Exercise 2: The Broken PDF Workaround Assuming you have a corrupted PDF that only has text, look for the section titled "The 12 Tone Row minus 1." Harris believed that playing 11 of the 12 tones in strict interval order (alternating Major 2nds and Minor 7ths) creates the most "vocal" melodic line. The practical application of the Intervallistic Concept is
Write this out: C (root), D (Major 2nd), C (down Minor 7th? No—Harris’s rule: always change direction after a half-step). Just play this sequence on your instrument:
C - D - B - C# - Bb - A - G# - F# - G - F - E
Notice there is no scale. There is only distance. This is the Intervallistic Concept in a nutshell. Triad on the b7 (Bb): Bb Major Triad
Eddie Harris (1934–1996) was a pioneering jazz saxophonist known for his electric saxophone, his hit “Freedom Jazz Dance,” and his deeply original approach to improvisation. In the 1970s, he self-published a book and method titled The Intervallistic Concept, which lays out his personal system for jazz improvisation based on intervals rather than traditional chord-scale theory.

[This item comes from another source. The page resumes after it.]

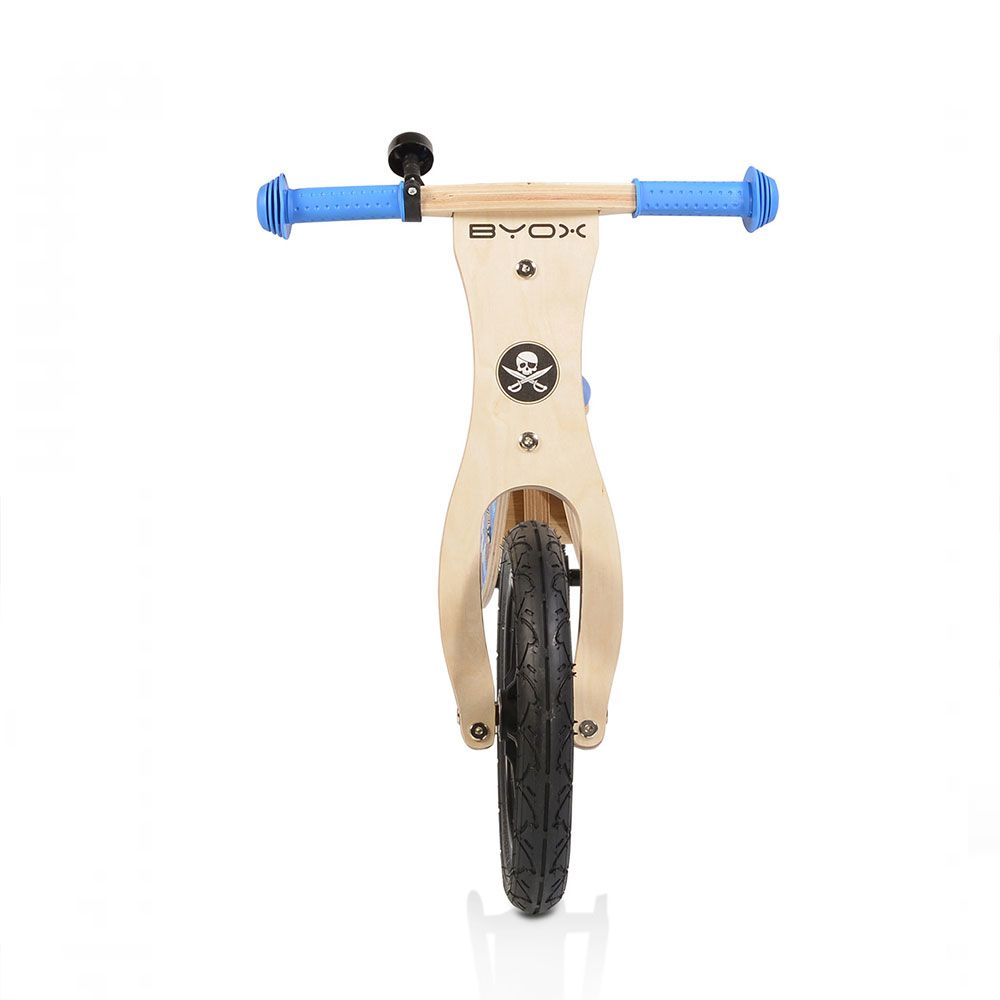 Bicicleta de lemn fara pedale pentru baieti 12 inch Moni Woody albastru - poza 3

Instead of thinking in terms of modes or chord changes, Harris’s concept focuses on:
The method is highly respected but also quite rare and difficult to obtain legally in digital form.

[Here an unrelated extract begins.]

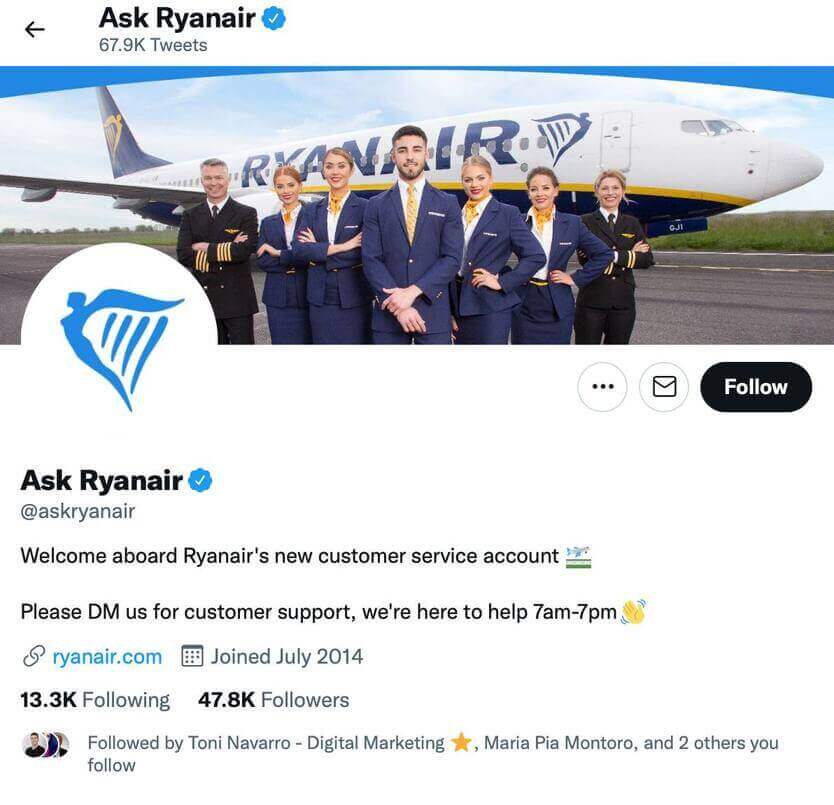 Social Media for eCommerce - ask ryanair twitter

No restoration can fix the fundamental opacity of Harris’s writing style. He was a mystic as much as a musician. He writes things like: “The tritone is the question. The perfect fifth is the answer. But the minor sixth is the silence after the answer.” This is inspiring poetry but terrible pedagogy for a beginner.
Furthermore, the “patched” PDF retains one irreparable flaw from the original: no play-along or audio. Harris intended for a 2-LP set to accompany the book, but it was never released. You are left with 90 dense pages of interval charts and philosophical asides, and no guide track. The restoration cannot fix the fact that you will spend weeks wondering if you’re doing the “C up major 6th” cycle correctly.